ITEM 2.      ACQUISITION OR DISPOSITION OF ASSETS.

    On December 27, 1995, Parlux Fragrances, Inc. ("Parlux") consummated the
acquisition from Revlon Holdings Inc.  ("Revlon") of the rights to manufacture,
sell and distribute the Alexandra de Markoff, Inc. ("AdM") cosmetics and
fragrances products pursuant to an Asset Purchase Agreement (the "Purchase
Agreement"), dated September 21, 1995, as amended, between Parlux and Revlon.
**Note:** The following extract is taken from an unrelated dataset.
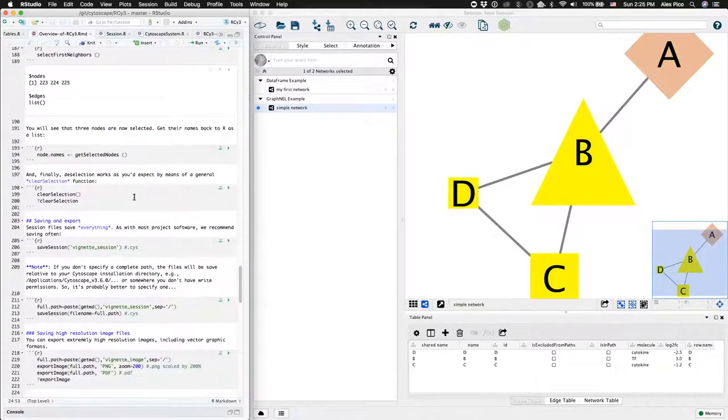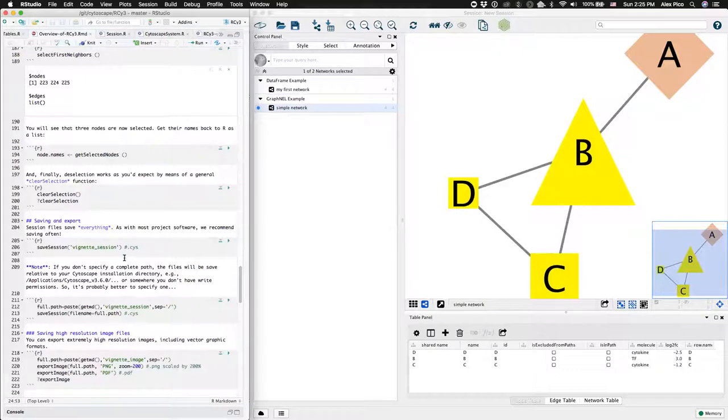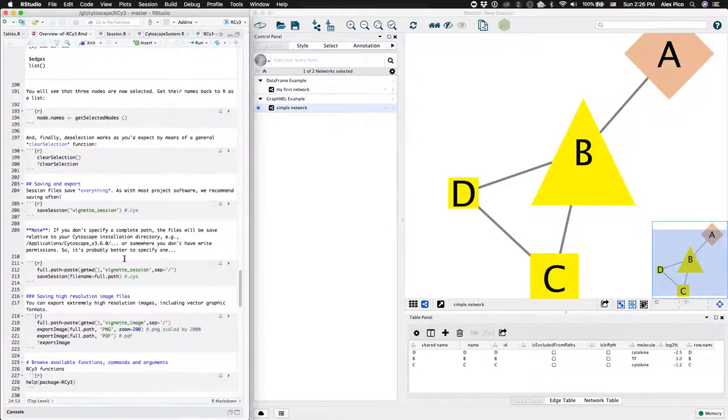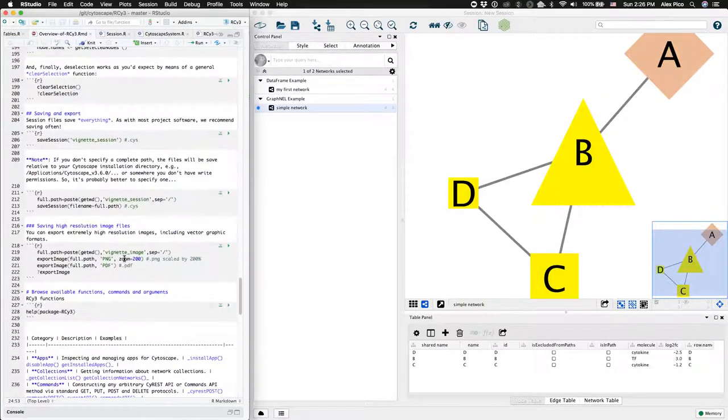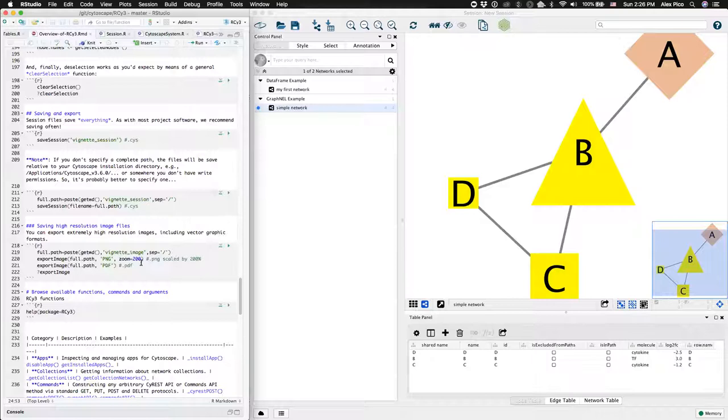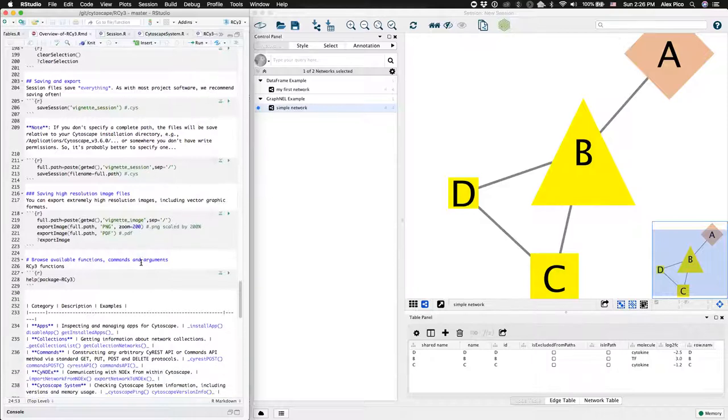Clear selection, saving the Cytoscape session, exporting images. These are all covered in the vignette.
Pursuant to the terms of the Purchase Agreement, Parlux acquired from Revlon:
(i) the ownership rights in certain trademarks and other intellectual property
relating exclusively to the AdM cosmetics and fragrances products (collectively,
the "Products"), (ii) the equipment used exclusively in connection with the
Products, (iii) a credit for certain inventory relating exclusively to the
Products, and (iv) all rights, claims, documents, contracts and other tangible
and intangible assets and properties relating exclusively to the Products.
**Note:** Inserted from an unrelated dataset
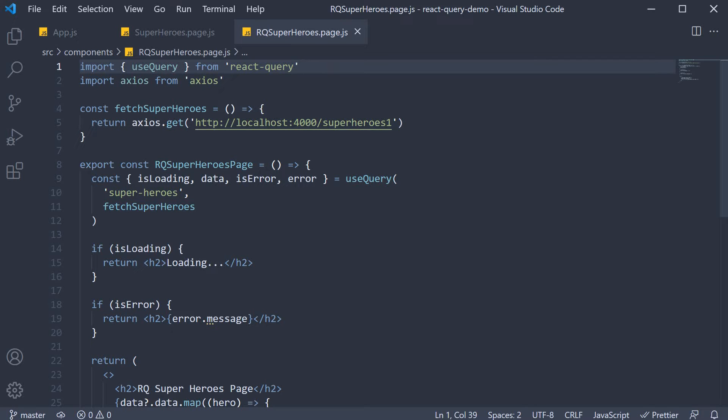Another great thing about React Query is that it comes with dedicated dev tools. Trust me when I say this, you'll want these dev tools in any app you're building. They help you visualize all of the inner workings of React Query and will likely save you hours of debugging.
Parlux expects to use the foregoing acquired assets to continue the development
and commercialization of AdM Products.

    At closing, Parlux provided the following consideration: (i) $7,208,000 in
cash generated from cash reserves, proceeds from the issuance of convertible
debentures and the proceeds from the sale of common stock, (ii) $1,400,000 in
the form of a short-term loan evidenced by a promissory note (which loan was
repaid by Parlux, and the note canceled on December 28, 1995), and (iii) 424,000
shares of Parlux common stock. The amount of consideration paid by Parlux was
determined based on negotiations between the parties.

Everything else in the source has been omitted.